# EXERCISE DIRECTIONS
Look through the entries below and copy exactly the part that begins with the line containing "Babyono Bļoda ar" and ends with the line containing "Silk Potli Bag: Haldi Mehndi Wedding Favor". Do not copy the pictures.
DATASET RECORDS START
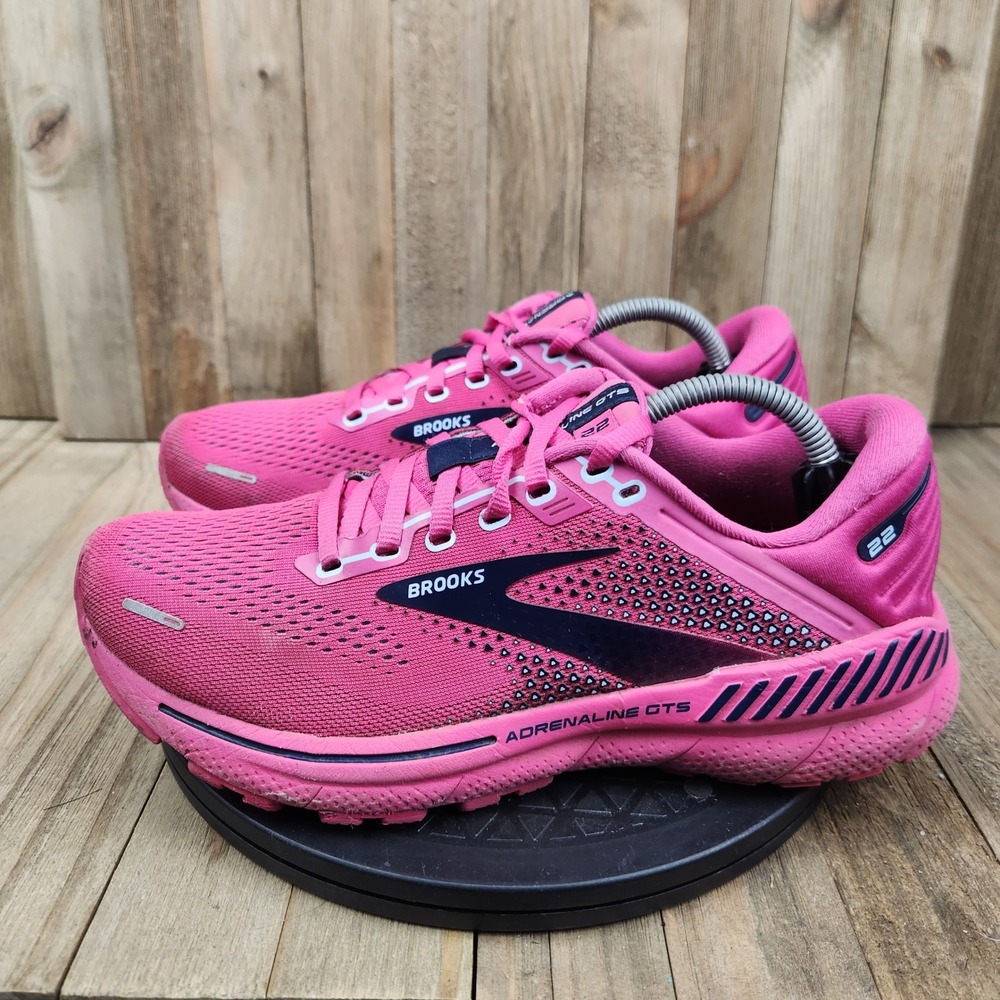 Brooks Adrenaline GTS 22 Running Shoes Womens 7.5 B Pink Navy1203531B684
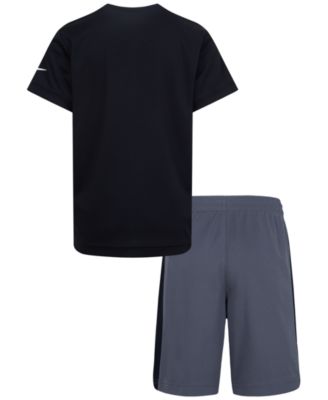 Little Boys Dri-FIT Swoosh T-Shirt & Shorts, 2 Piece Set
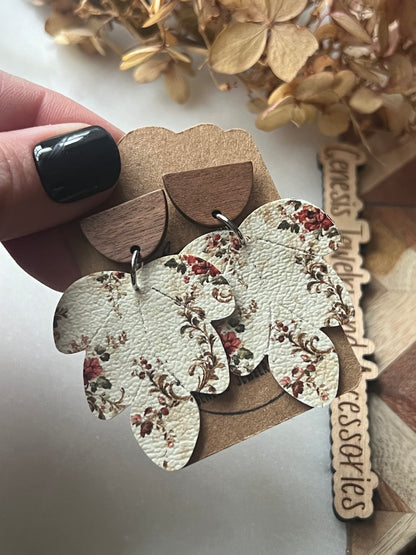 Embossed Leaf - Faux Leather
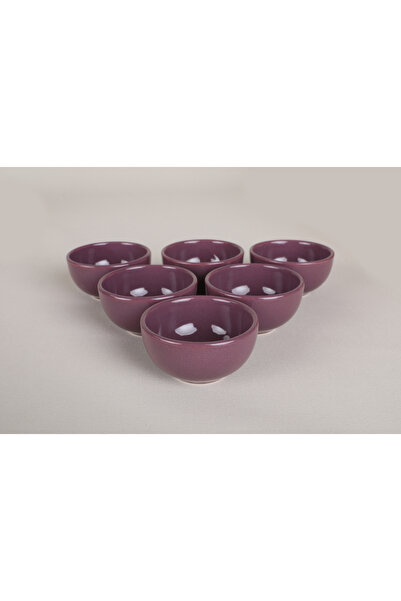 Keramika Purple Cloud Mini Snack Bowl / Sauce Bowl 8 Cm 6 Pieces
DATASET RECORDS END
DATASET RECORDS START
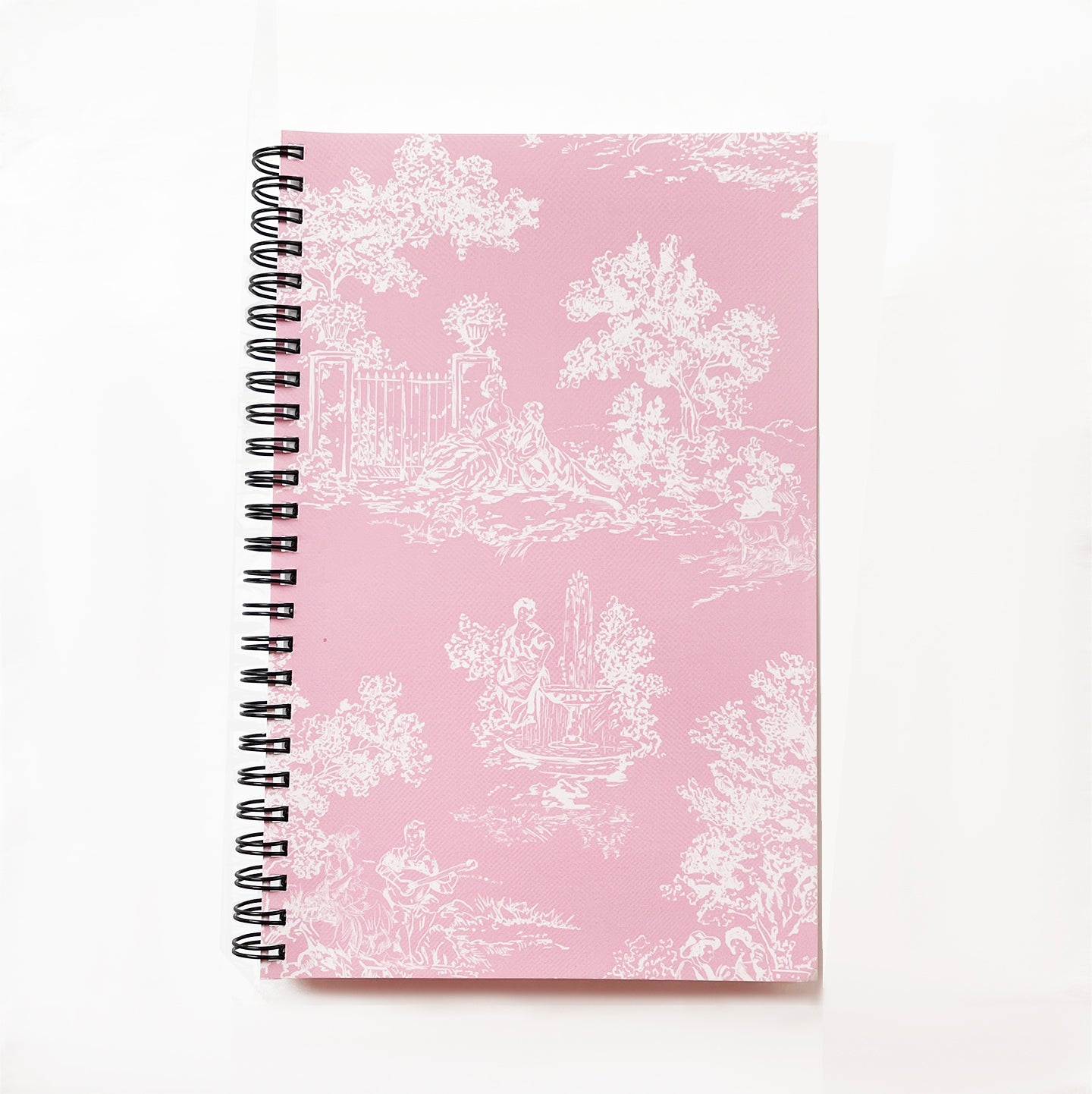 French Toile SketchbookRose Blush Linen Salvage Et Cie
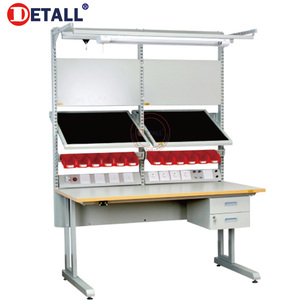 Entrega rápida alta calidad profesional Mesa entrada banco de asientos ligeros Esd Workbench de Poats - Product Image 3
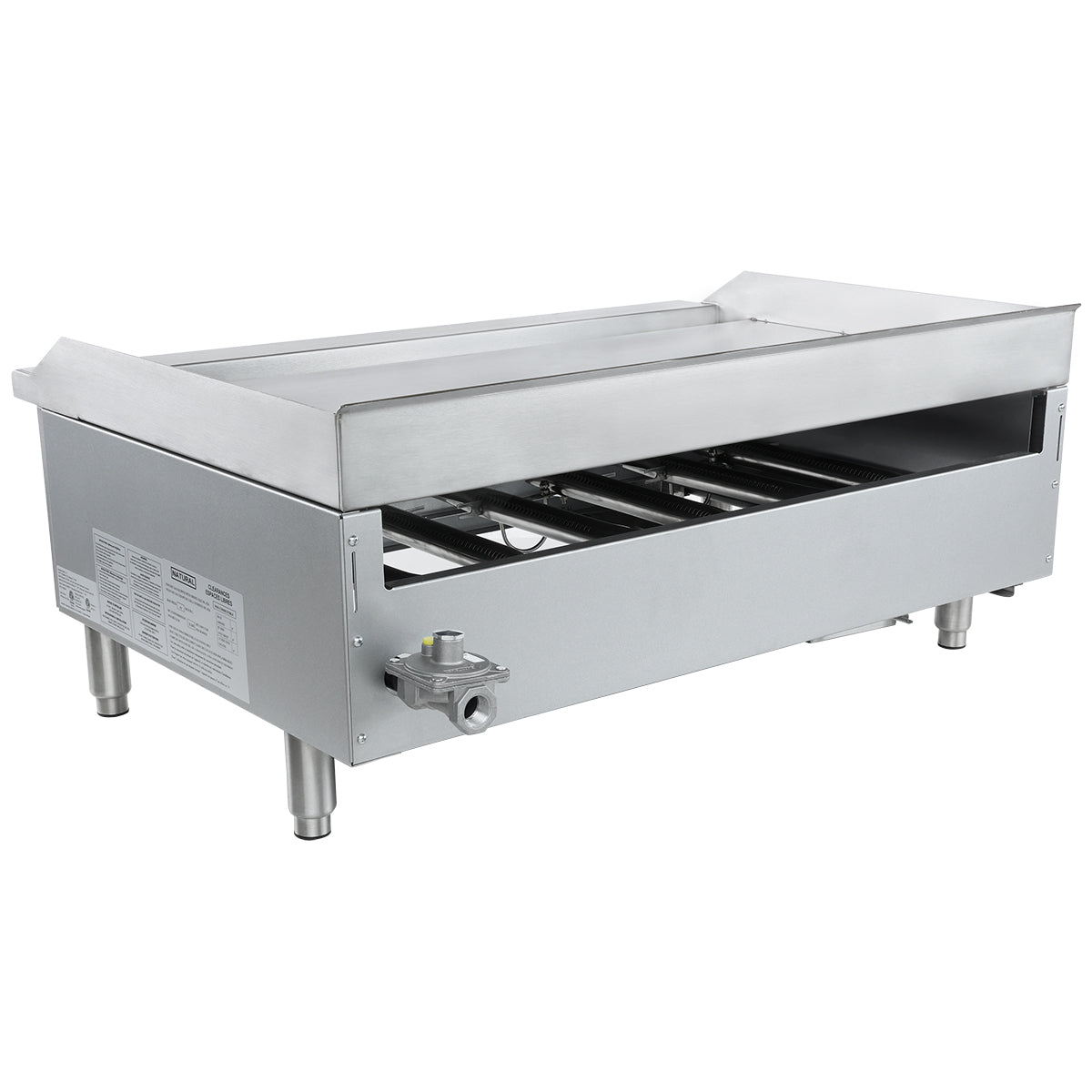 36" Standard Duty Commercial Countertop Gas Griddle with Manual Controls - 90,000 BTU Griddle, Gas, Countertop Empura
DATASET RECORDS END
DATASET RECORDS START
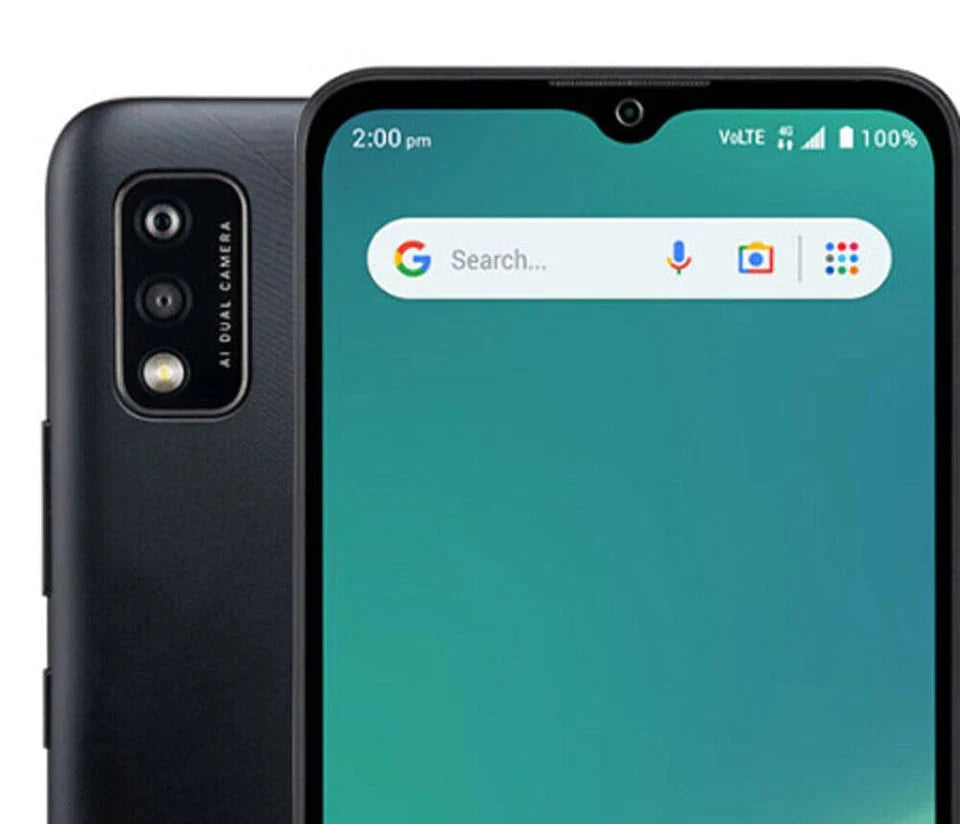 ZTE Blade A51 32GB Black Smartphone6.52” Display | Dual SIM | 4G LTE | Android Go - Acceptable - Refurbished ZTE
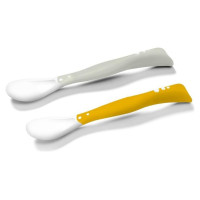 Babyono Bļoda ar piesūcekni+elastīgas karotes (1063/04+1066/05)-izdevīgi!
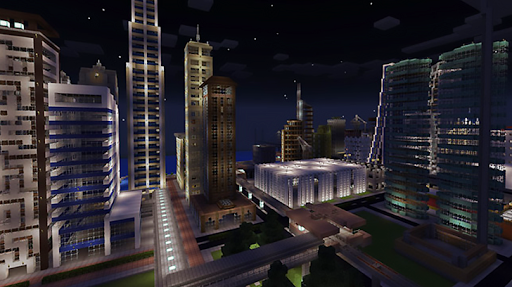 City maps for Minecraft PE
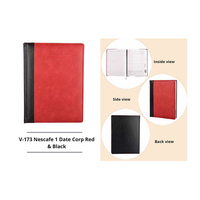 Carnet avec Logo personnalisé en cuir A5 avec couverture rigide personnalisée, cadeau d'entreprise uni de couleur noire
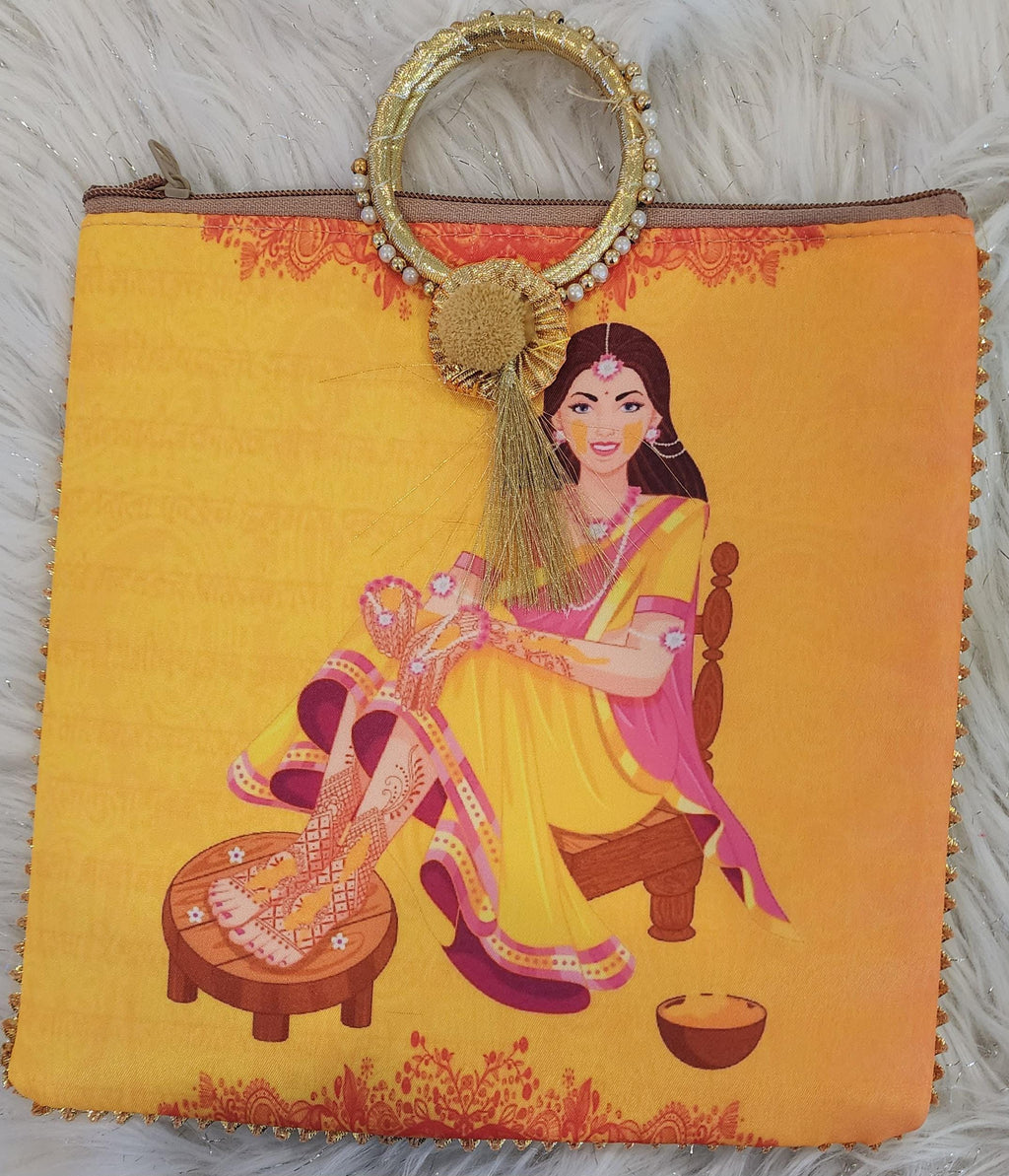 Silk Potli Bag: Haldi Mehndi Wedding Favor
DATASET RECORDS END
# TASK ANSWER
 Babyono Bļoda ar piesūcekni+elastīgas karotes (1063/04+1066/05)-izdevīgi!
 City maps for Minecraft PE
 Carnet avec Logo personnalisé en cuir A5 avec couverture rigide personnalisée, cadeau d'entreprise uni de couleur noire
 Silk Potli Bag: Haldi Mehndi Wedding Favor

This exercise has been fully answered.